Will the stimulus make life more expensive

In my last post, I commented on the timing of the stimulus. In a letter yesterday to Committee on Budget ranking member, Senator Judd Gregg (R-NH), the CBO applied a bit of basic macro theory to the stimulus package. The letter, which examines the Senate's version of the bill, predicts a stimulus in the short-run but a small decline in long-run GDP due to increased debt.

In the longer run, the legislation would result in a slight decrease in gross domestic product(GDP) compared with CBO’s baseline economic forecast.
More importantly, the CBO underscores that stimulus cannot provide long-run growth if it only increases demand without increasing our productive capacity. According to the letter,

Even if the fiscal stimulus persisted, however, the short-run effects on output that operate by increasing demand for goods and services would eventually fade away.

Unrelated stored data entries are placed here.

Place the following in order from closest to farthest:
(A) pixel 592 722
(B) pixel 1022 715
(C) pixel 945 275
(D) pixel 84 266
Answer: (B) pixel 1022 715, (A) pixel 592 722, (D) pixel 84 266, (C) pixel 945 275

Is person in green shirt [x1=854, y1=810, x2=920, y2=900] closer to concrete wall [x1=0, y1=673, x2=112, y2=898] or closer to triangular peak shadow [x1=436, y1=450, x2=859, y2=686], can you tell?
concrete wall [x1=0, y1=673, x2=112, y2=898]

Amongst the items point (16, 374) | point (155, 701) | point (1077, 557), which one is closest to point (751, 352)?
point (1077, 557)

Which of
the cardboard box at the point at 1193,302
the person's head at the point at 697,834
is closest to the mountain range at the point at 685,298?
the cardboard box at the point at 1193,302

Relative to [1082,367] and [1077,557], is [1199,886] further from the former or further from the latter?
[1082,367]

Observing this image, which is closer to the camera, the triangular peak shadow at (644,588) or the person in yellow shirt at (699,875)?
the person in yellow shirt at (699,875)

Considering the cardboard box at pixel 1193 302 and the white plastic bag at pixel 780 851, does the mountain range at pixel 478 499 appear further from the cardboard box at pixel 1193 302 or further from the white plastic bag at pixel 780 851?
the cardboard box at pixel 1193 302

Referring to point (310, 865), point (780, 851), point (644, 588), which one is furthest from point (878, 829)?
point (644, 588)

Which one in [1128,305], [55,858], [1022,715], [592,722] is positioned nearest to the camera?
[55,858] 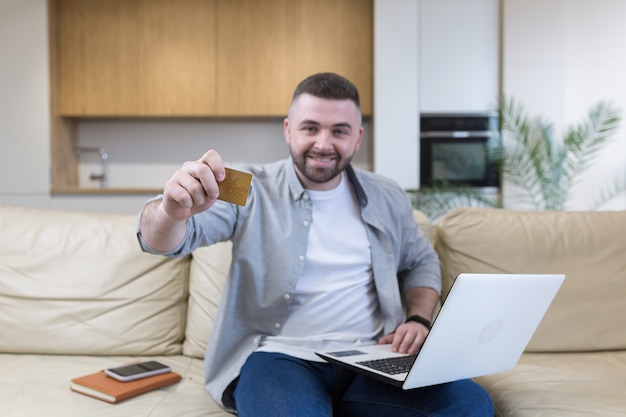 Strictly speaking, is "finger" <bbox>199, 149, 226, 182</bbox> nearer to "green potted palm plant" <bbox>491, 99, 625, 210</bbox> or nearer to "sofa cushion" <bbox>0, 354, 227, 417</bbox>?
"sofa cushion" <bbox>0, 354, 227, 417</bbox>

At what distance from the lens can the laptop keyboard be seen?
139cm

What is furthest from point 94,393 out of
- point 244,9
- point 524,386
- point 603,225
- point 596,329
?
point 244,9

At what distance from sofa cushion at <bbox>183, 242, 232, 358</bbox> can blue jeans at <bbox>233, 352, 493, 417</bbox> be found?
0.36m

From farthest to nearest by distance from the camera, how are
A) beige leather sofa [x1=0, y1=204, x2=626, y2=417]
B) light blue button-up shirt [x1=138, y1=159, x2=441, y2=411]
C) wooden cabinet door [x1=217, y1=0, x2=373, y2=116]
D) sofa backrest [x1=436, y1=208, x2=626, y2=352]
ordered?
wooden cabinet door [x1=217, y1=0, x2=373, y2=116] → sofa backrest [x1=436, y1=208, x2=626, y2=352] → beige leather sofa [x1=0, y1=204, x2=626, y2=417] → light blue button-up shirt [x1=138, y1=159, x2=441, y2=411]

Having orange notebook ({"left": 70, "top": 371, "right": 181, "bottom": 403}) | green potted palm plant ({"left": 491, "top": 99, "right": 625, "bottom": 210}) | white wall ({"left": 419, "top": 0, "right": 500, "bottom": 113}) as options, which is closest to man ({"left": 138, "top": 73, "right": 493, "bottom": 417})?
orange notebook ({"left": 70, "top": 371, "right": 181, "bottom": 403})

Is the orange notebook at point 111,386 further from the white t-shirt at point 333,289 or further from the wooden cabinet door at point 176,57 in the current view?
the wooden cabinet door at point 176,57

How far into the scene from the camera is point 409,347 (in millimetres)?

In the long run, the economy produces close to its potential output on average, and that potential level is determined by the stock of productive capital, the supply of labor, and productivity. Short-run stimulative policies can affect long-run output by influencing those three factors, although such effects would generally be smaller than the short-run impact of those policies on demand.
This statement provides the integrated short-run (Keynesian), long-run (classical) framework that causes aggregate supply to have very different properties over time. Without increases in agrregate supply, the stimulus could lead to inflation if an increase in demand must adopt to lower long-run supply. It may of course be that we are operating below the long run supply (the exact arguement that stimulus supporters will use high unemployment numbers to make). If so then the timing of the stimulus again becomes important.
Even strong Keynesian's like Steve Fazzari have noted that what we spend our money on matters. Increases in education or training may increase long-run aggregate supply spending on infrastructure may not if we are just using old techniques to repair roads, etc.
It should also be noted that the CBO report provides a wide range of possible impacts from the stimulus. For instance it indicates that the plan could provide anywhere from 1.4 percent over baseline increase in GDP to 4.1 percent in 2009. Sadly, the estimates are non-stochastic (or at least not presented as such) so their likelyhood is more difficult to determine.